В отеле было полно сумрачных помещений, темной мебели и мрачных картин. «Возьмите с собой ключ, если задумаете прогуляться, - сказал менеджер, - потому что вам без него обратно в отель не попасть, а я сейчас уйду домой». Ключ был древним и огромным и вставлялся в такую огромную же замочную скважину двери восемнадцатого века, ведущей в мою комнату. Окно комнаты выходило на небольшую площадь и полностью укрытое лозой бальдажуанского горца здание. Листья его уже покраснели, а в горах вокруг нас лежал снег, но я приехала не любоваться этим пейзажем, потому что, в отличие от других приезжих, не была сезонным туристом, моей целью была встреча с Розеллой Пеллерино, научным руководителем Espaci Occitan, окситанского культурного центра, библиотеки и музея, расположенных на окраине города. Розелла закончила школу, в которой преподавали на итальянском, дома с матерью и её семьей разговаривала на окситанском, а с родственниками отца общалась на пьемонтском диалекте. Неудивительно, что она выбрала профессию филолога. К тому же Розелла обладала обширными знаниями о музыке, языках и культуре этих долин, и у нее было много друзей среди скрипачей, играющих musica d'оc, и музыковедов, которые собирали и изучали эту народную музыку на протяжении многих лет. Далее события разворачивались как бы в два этапа. Поначалу был рассказ и объяснения Розеллы. Мы устроились в библиотеке Культурного центра, и она рассказала мне все о той жизни, что породила столь любимую ею музыку. Она описывала Дронеро девятнадцатого века как место, где, несмотря на тяжелую работу и суровые условия, люди умели веселиться. Все обитатели здешних мест умели играть на музыкальных инструментах, танцевать и петь, и, по её словам, они всегда менялись ролями, так что слушатели и зрители одного дня становилась исполнителями в другой день.

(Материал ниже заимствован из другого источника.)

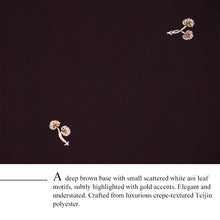 將圖片載入圖庫檢視器 Ready-to-Wear Washable Komon Kimono for Women, Fully Lined Polyester, Deep Brown with Aoi Leaf Motif – A Sophisticated Komon Kimono with Quiet Elegance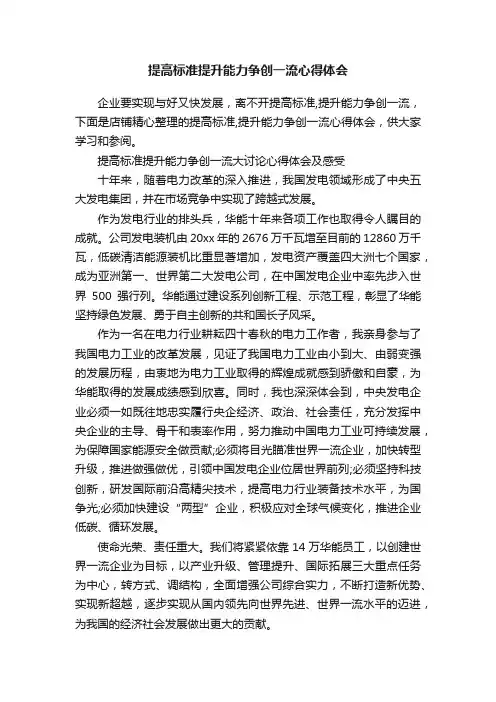 提高标准提升能力争创一流心得体会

До сих пор я естественным образом рассматривала музыку Италии как предмет экспорта, но Розелла объяснила, что мужчинам и женщинам Дронеро в поисках работы приходилось порой уезжать в далекие края и возвращались домой они с новыми мелодиями и танцами, которые обогащали традиционный репертуар, накопленный в долине на протяжении веков. Некоторые из них спускались летом в города на равнине, чтобы продавать свои сыры, яйца или овощи, винные бочки, миски и ложки, которые они изготовляли зимой из каштанового дерева. Если бы скрипка Льва когда-либо жила такой жизнью, она, возможно, проводила бы лето, веселясь вместе с ними на солнечной площади. Или, если бы она принадлежал пастуху, уходила бы с ним вслед за стадами на высокогорные летние пастбища. Её музыка была бы своего рода компанией в этом изолированном месте. Забавно, что ещё пастухи приручили сурков жить рядом с ними и приносили их потом в городок. Розелла показала мне фотографии детей в Дронеро с этими необычными домашними животными на плечах, которые занимали место где-то между морской свинкой и терьером.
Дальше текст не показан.